Joan had always laughed--she was laughing now somewhere, looking
her gayest and forgetting troubling things.
Then Nancy cried, not bitterly or enviously, but because she was tired
of playing Joan's accompaniment!
Presently she got up and bathed.
"I'm going to Mary's!" she suddenly thought, and then felt as if she had
been getting ready to go all day. She felt deceitful, sly, in spite of
her constant reiteration that it had just occurred to her.
She left the house unseen; she hid behind a bush when she saw the hounds
raise their heads from the sunny porch--she wanted to go alone to the
cabin across the river.
It was three o'clock when she reached it, and she had hurried along the
short trail, too. Mary was not in sight, but the living-room door was
open and Nancy stood looking in with a baffling sense of unreality; the
place looked different; almost as if she had never seen it before. She
mentally took note of the furniture as though checking the pieces off.

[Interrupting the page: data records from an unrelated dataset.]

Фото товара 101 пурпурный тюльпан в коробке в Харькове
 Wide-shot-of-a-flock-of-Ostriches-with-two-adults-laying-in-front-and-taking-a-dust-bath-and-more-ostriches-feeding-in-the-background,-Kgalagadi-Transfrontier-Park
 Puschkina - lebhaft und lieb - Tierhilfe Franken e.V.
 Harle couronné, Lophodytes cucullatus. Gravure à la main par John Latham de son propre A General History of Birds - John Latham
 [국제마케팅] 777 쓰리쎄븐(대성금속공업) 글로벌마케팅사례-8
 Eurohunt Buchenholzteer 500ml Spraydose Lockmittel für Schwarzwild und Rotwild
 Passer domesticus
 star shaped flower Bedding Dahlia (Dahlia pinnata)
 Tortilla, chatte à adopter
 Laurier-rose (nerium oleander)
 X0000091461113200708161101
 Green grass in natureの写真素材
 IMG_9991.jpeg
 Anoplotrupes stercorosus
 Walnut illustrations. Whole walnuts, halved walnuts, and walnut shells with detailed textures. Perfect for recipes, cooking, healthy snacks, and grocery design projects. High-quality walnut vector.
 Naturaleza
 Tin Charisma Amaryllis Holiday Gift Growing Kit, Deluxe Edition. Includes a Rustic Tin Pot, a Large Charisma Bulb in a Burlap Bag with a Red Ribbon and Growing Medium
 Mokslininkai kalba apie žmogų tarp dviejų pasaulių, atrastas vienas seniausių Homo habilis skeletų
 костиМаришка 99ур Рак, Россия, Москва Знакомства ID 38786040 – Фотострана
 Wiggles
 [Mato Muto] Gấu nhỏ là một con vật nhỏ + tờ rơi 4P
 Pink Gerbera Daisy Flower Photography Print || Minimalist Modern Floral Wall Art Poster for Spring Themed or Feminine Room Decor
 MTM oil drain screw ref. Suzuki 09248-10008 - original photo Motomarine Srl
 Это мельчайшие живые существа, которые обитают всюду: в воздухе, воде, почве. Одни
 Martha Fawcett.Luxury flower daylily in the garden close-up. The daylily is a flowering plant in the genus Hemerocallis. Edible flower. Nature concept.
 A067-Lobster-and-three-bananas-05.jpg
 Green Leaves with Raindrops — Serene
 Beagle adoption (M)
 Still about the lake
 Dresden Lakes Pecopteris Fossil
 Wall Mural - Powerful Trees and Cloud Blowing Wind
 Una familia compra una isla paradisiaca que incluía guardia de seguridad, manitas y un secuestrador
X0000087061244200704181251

The big bed, gay with patchwork quilts--Nancy knew all the patterns:
Sunrise on the Peaks; Drunkard's Path; the Rainbow--Mary was making up
for all that her forebears had neglected to do. Early and late she spun
and wrought--she piled her bed high with the results of her labours; she
covered the floor with marvellous rugs; she filled her chest of drawers
with linen--Nancy glanced at the chest and fancied that she smelt the
lavender that was spread on the folded treasures.
How the candlesticks shone; how sweet and clean it was, how safe!
Nancy stepped inside and sat down. The logs were laid ready for the
lighting on the cracked but dustless hearth.
And then, quite unconsciously, the girl began to croon an old song,
swaying back and forth, her arms folded and her eyes peaceful and
waiting.
Mary, returning from her garden planting, stood by the door, unnoticed,
and grimly took in the scene.
What it was that disturbed and angered her she could not have told, but
she could not see Nancy sitting so--and--and--looking as she looked!
Mary strode across the room, causing Nancy to start nervously.
"What ails yo'?" Mary asked, "you look powerful sorry."
"I'm--I'm frightened, Mary."
Oddly enough, it was easy to speak frankly to the stern, plain woman
across the hearth. And it was easy for Mary, after her first glance, to
be ready with anything that could comfort the girl near her.
"What frightened yo'--the storm? I thought 'bout you."